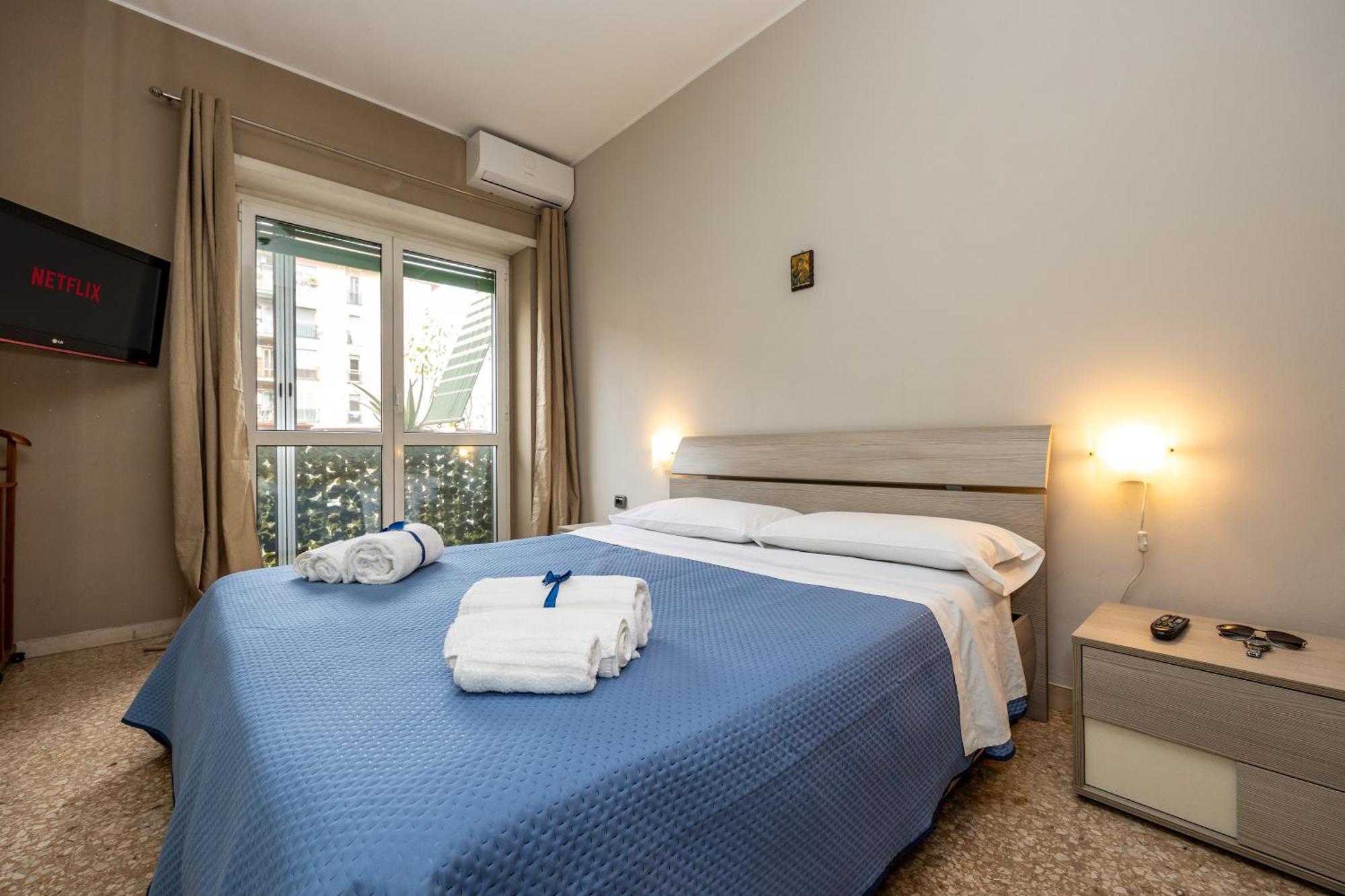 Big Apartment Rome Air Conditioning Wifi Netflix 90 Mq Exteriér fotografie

...

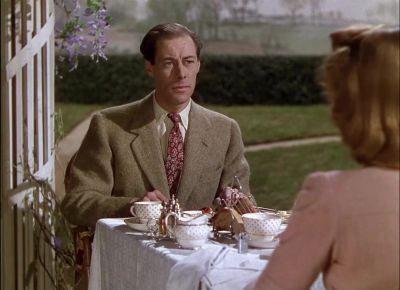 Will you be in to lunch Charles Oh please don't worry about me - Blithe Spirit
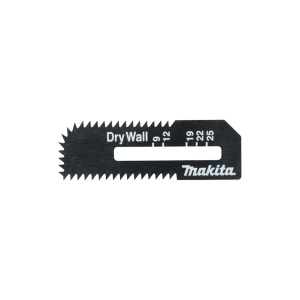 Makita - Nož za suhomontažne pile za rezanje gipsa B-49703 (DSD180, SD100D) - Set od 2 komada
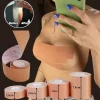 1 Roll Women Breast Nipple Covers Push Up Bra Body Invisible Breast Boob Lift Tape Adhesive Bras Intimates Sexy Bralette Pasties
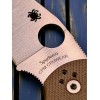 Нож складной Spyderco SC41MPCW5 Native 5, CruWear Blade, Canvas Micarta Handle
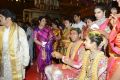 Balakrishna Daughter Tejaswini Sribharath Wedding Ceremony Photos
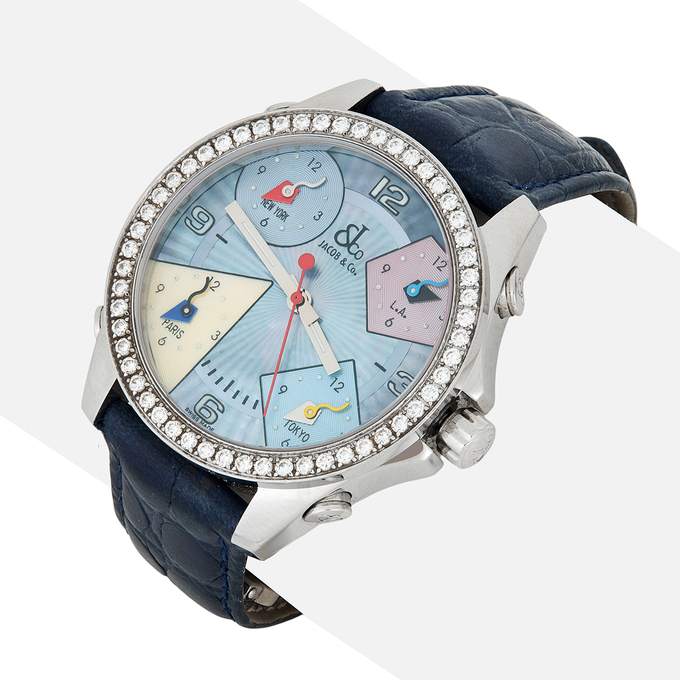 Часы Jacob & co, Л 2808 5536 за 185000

==

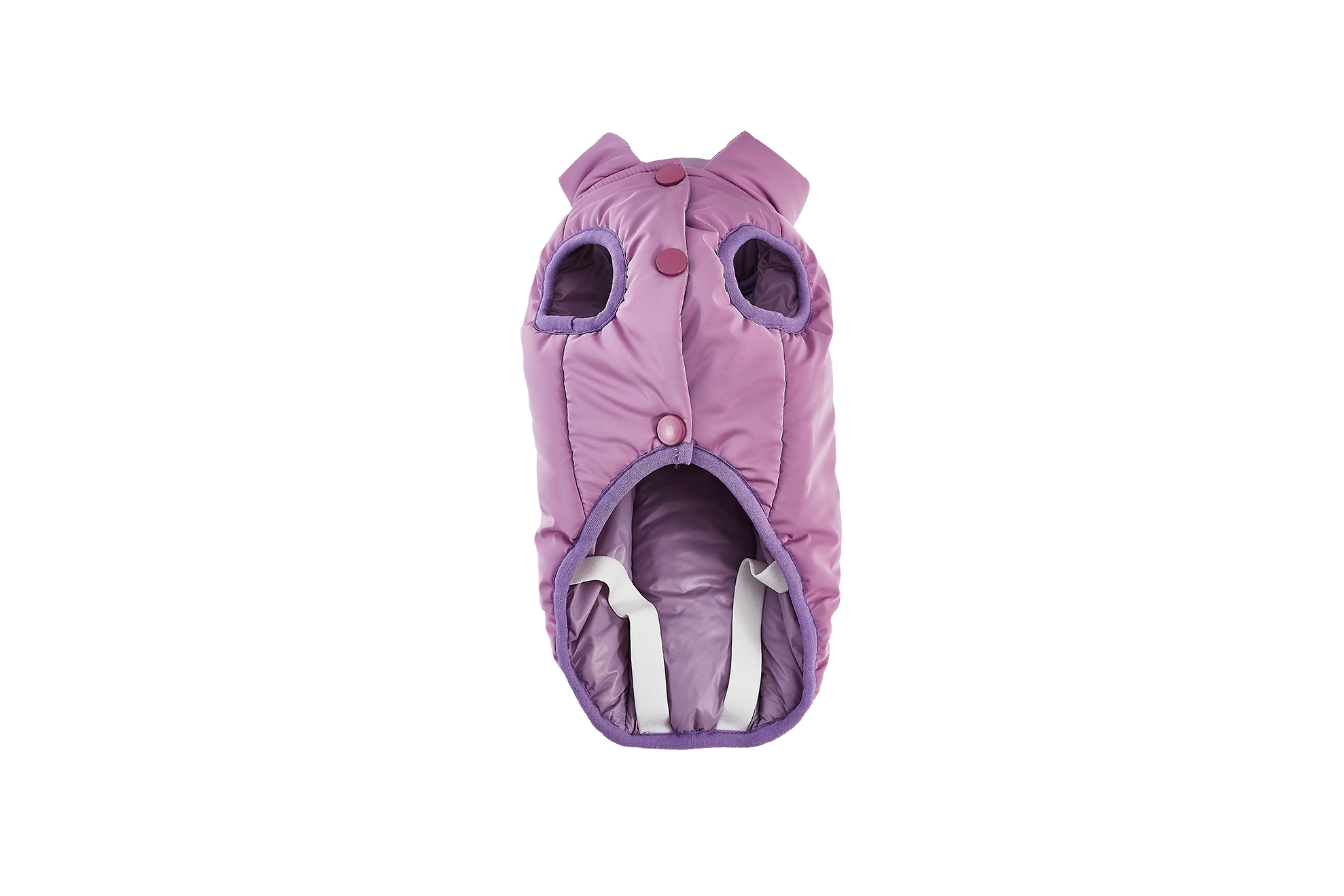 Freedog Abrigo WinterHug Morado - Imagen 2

▶ _Task description_
Return the stretch of data that begins with the line showing "Balakrishna Daughter Tejaswini" and goes on through the line showing "Часы Jacob & co, Л 2808 5536 за 185000", exactly, with pictures removed.

▶ _Task result_
 Balakrishna Daughter Tejaswini Sribharath Wedding Ceremony Photos
 Часы Jacob & co, Л 2808 5536 за 185000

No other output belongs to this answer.